[Beyond PlayStation] Slay The Spire Review
Slay the Spire from Mega Crit and Humble Bundle is a dungeon crawler that mixes in deck building mechanics for an interesting roguelike experience. Learn more in our Slay the Spire review!
Slay the Spire offers three gameplay. You have Standard which is the main mode in which you’ll embark on a quest to, well, Slay the Spire. Your only option at the start will be to play as The Ironclad, the last soldier of the Ironclads who has sold his soul to be able to harness demonic energy. He has 80 hit points, 99 gold, and a skill called Burning blood which heals six hit points at the end of a battle. Once you finish a single run, you will unlock a second character to use, and after completing a run with that character, you can unlock the third one.
There’s also the Daily Climb which allows you to compete against other players to try and get the highest score.

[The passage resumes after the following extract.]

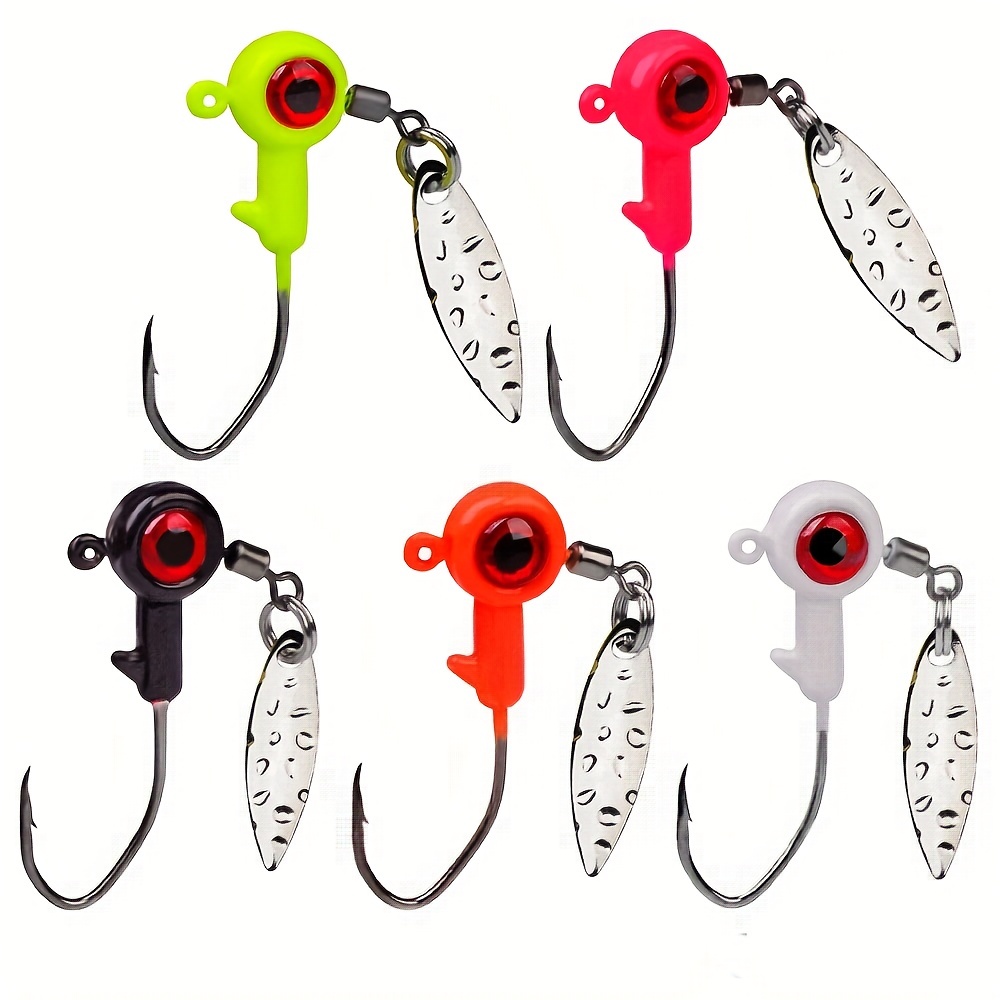 10pcs/lot Micro Jig Head Hook 1g 2g 3g Ice Fishing Hook Mini Crank Jig  Fishhook For Soft Worm Fishing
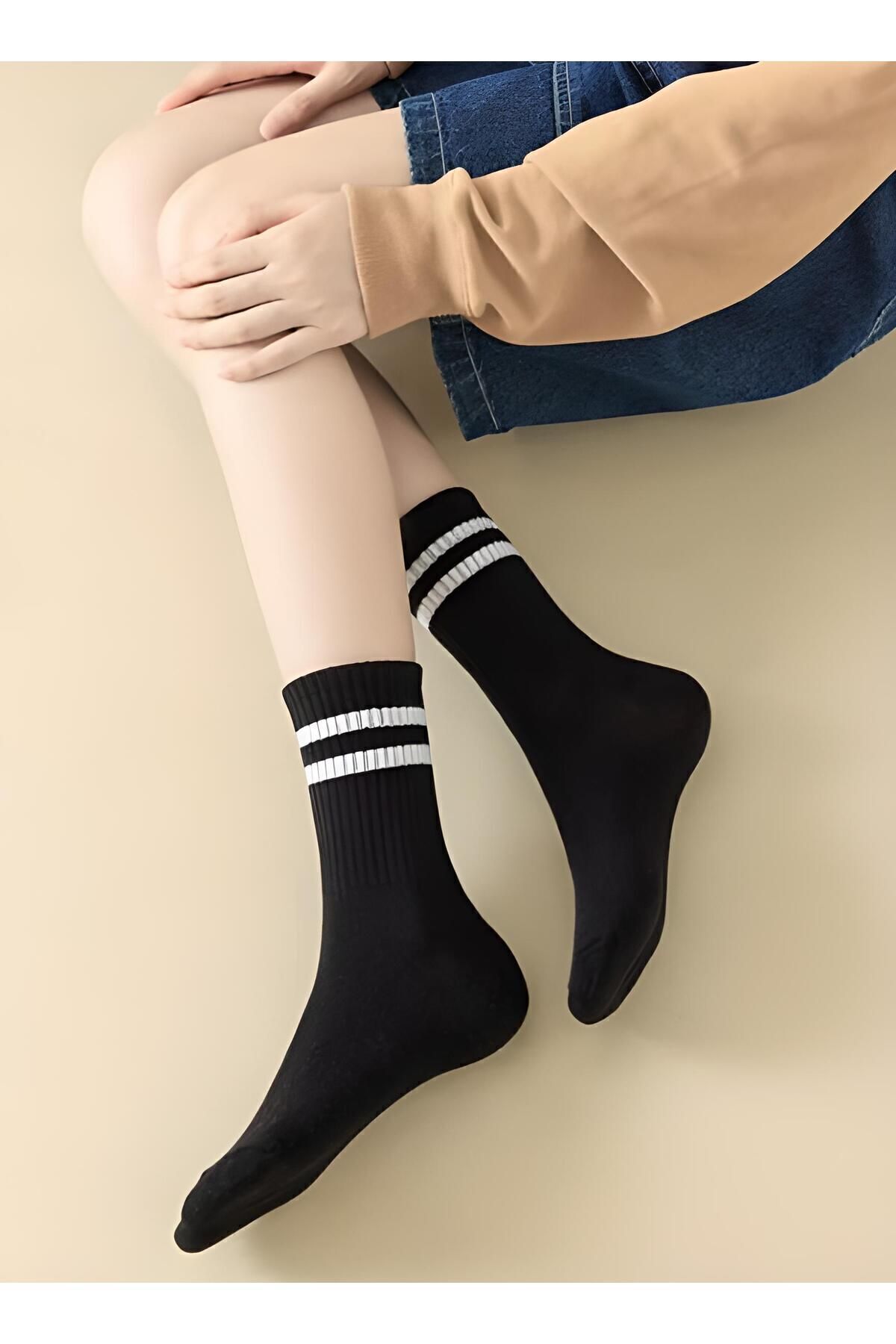 Ballet Unisex Siyah Çizgili Kolej Çorap 6'lı (Pamuk)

As the name suggests, each day you’ll be able to take on a different challenge, which helps to keep the game feeling fresh since you can dive back into it for a bit, take on the Daily Climb, and once done you can carry on and go back to doing a new run in Standard mode, or just go play a different game so that you can do a new Daily Climb in the morning. There is also the option for a Custom mode in which you can customize your experience.
Once you start a new run, you will advance through the game’s areas by selecting your starting room. Each room has an image that will let you know what you’re about to face. You might get to battle an enemy, an elite enemy, get a chance to rest to heal your hit points or smith to upgrade a card in your deck, find valuable treasure, meet a merchant with whom you can do business, an event room in which you’ll get to make a decision that might give you a reward while also introducing a weakness for your character, or enter a room that is marked as unknown, which means that you could end up finding any of the above when you enter. Knowing what type of room you’re about to enter is certainly very important, so you’ll need to pick your starting room wisely and plan accordingly.
As for the gameplay of Slay the Spire, as I mentioned before, this is a dungeon crawler roguelike that mixes in deck building mechanics. When in battle, your objective is simple: defeat your enemies! To do this, you will need to play cards from your deck, and this will require you to use some energy. Your turn will need to end once you’ve run out of energy, and it will be your enemies’ turn to attack. Once your new turn starts again, you will be dealt new cards, and your energy will be replenished – which is shown by the small circle on the lower left part of the screen that will show your total energy count and your current energy count – so that you can repeat the cycle until either one dies.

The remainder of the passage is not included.